I have been asked by members of the management committee and support group of Gaelscoil Lios na nÓg to raise the problems they face in regard to the school's building project. I will quote from a letter they sent to me in May:
The Department has approved AJ Wejcherts Architects to design this scheme. It has taken a whole frustrating year to reach this stage and this week we have heard that the Department has decided to review all projects in progress and will not be ratifying Wejcherts' proposed design team – engineers, quantity surveyors, etc. – until further notice. No time scale has been provided.
This leaves the school in a very difficult situation. Long delays such as these are already putting considerable strain on the school. Growing pupil numbers, a school full to its present capacity and a very healthy waiting list for future years illustrates that the school is a very successful and much needed entity. Its future, however, will depend on our being able to provide accommodation for new classes in the short, medium and long-terms.
This school has grown in a very short period of time to a position where it now has a naíonra, employs five teachers and has an enrolment of 165 students drawn from Ranelagh, Rathmines, Donnybrook, Sandymount, Crumlin and Kilmainham. The Minister of State, Deputy Treacy, played a significant role many years ago in saving Cullenswood House which is now the subject of renewal and renovation. The school is located beside another very famous Gaelscoil in Ranelagh, Scoil Bhríd.
There are a number of problems. In the short-term they need an investigation to see if their case can be made an exception for this review. They estimate that the time scale for the design, planning and appeal would probably stretch to three years, therefore, the cost incurred in the immediate term would be nominal. That would make a case for allowing the process to advance. That is the first point. They want clearance from the Department of Education and Science to put the design team in place.
The medium-term problem is that the increase in the school population will mean that the school will have to move to a temporary site until it can accommodate everybody. The vision is to obtain permission and planning to situate prefabricated buildings on an alternative site. Two alternative sites have been located while the renovation and reconstruction of Cullenswood House are undertaken.
The long-term aim is that once the architects' design team has been approved it will be necessary to have a key figure to act as shepherd during the refurbishment process. Its experience to date has been that the extremely tight cordon around the education planning office is impenetrable.
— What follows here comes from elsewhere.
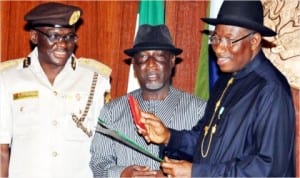 L-R: Comptroller-General of Immigration, David Parradang, Minister of Interior, Comrade Abba Moro and President Goodluck Jonathan, during the launch of  new e-Passport at the Federal Executive Council meeting in Abuja, recently.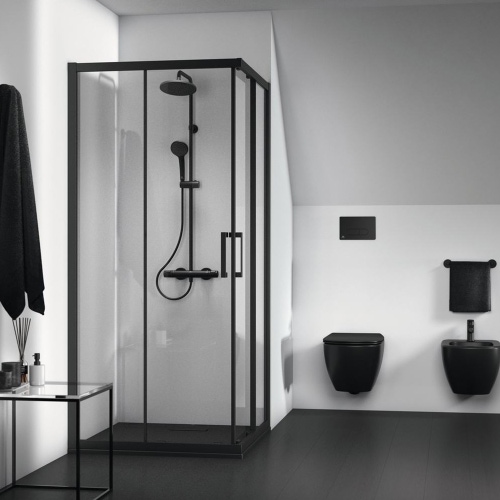 Immagine di Ideal Standard CERATHERM T25 colonna doccia con termostatico esterna, asta murale, soffione Ø 20 cm, supporto doccetta con scorrimento a pressione, doccetta Idealrain e flessibile L.175 cm, colore nero seta finitura opaco A7545XG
Pursuing regular channels has proven ineffective and a helping hand is required.
I raise this matter on the Adjournment because this is a group of dedicated parents committed to the principles and ethos of a Gaelscoil who have overcome many difficulties over a period. I have been associated with the members of this group, as has my constituency colleague, the Minister of State, Deputy Eoin Ryan. They are being frustrated by the failure, for reasons I do not fully understand but suspect, of the Department of Education and Science to engage in enabling them to proceed. They have been told there is no timetable, that they cannot, as such, move to the next stage and they are thoroughly frustrated by the impasse they have encountered.
I presume the Minister of State, Deputy Treacy, will respond on behalf of the Minister for Education and Science. I hope he will elaborate on the reason for this impasse and that we will be able to move forward.